Edit: picture taken down at owner’s request.
- Vertical House: This 2,400 sq. ft. house was built from cement fiberboard, and it has been innovatively used in conjunction with three types of glazing. What’s amazing about this house is that it sits on a lot that’s only twenty-five feet wide. But, what it lacks in width, it gains in height. From the roof, a visitor can see the Pacific Ocean, which is three blocks away from this Venice Beach site. Bring plenty of window cleaner, as this home contains 112 windows! Lorcan O’Herlihy Architects, located in Culver City, California, designed this house.

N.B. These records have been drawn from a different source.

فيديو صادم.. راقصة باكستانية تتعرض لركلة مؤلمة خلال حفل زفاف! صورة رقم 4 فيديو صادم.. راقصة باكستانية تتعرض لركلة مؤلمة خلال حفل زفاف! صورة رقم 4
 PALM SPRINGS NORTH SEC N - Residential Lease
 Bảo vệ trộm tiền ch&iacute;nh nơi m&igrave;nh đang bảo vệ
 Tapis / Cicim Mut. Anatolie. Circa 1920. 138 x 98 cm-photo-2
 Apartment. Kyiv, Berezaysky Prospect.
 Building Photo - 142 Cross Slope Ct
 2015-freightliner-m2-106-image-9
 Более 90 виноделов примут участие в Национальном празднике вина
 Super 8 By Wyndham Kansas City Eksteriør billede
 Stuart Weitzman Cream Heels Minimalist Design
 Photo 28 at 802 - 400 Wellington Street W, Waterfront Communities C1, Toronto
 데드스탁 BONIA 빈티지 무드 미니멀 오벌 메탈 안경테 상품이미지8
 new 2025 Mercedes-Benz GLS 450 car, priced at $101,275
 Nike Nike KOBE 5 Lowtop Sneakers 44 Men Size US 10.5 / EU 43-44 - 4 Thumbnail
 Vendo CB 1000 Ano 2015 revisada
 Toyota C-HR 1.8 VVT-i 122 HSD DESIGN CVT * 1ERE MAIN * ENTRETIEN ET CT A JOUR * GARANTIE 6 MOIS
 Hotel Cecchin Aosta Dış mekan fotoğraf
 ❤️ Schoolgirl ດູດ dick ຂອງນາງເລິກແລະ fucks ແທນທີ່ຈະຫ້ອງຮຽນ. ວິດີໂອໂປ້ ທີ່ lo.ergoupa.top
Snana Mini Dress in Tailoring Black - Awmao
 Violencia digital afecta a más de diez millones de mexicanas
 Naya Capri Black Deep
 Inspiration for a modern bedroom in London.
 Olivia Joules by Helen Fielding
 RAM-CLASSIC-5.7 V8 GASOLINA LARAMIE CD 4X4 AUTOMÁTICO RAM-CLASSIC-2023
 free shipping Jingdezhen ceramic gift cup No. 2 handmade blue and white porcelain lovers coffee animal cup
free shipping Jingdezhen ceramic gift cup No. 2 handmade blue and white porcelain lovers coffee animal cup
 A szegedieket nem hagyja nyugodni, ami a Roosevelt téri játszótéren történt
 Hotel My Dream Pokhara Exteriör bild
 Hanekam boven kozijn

This firm has been recognized with twenty-four design awards including seven American Institute of Architects Design Awards.
- Spaceship House (for sale!): The link for this spaceship house, located in Chattanooga, Tennessee, will take you to a video where you can view the home’s interior. This home, which has been on HGTV (Home and Garden Television) for the number two most unique homes in the U.S,. is now for sale. Nestled between rocks and trees on the side of beautiful Signal Mountain among other single-family homes, the resident in this 1,952 sq. ft. abode will be very close to downtown and shopping. All you need for this purchase is $184,900 and plenty of time to wait in line to see the home. When this home was shown previously, so many people showed up the police were called to do traffic control.
- Dome House: This photo and link will take you to the home of Bryan and Dianne Bremner, two sixty-something retirees in Republic, Washington. They built their 2800-square-foot Monolithic Dome home, Curlew Keep, on Curlew Lake, and it resembles a modified Torus — the first Monolithic Dome of this type to be built. In addition to the loft, Curlew Keep sports three bedrooms; three bathrooms; a sunken living room; dining, kitchen and laundry areas; and a two-car, attached garage leading into an outdoor room. If you’re jealous, you can visit other Monolithic Dome homes at the Monolithic Dome Institute Web site. These homes are located throughout the U.S. and other parts of the world, and some are for rent and for sale. You, too, can live in a dome!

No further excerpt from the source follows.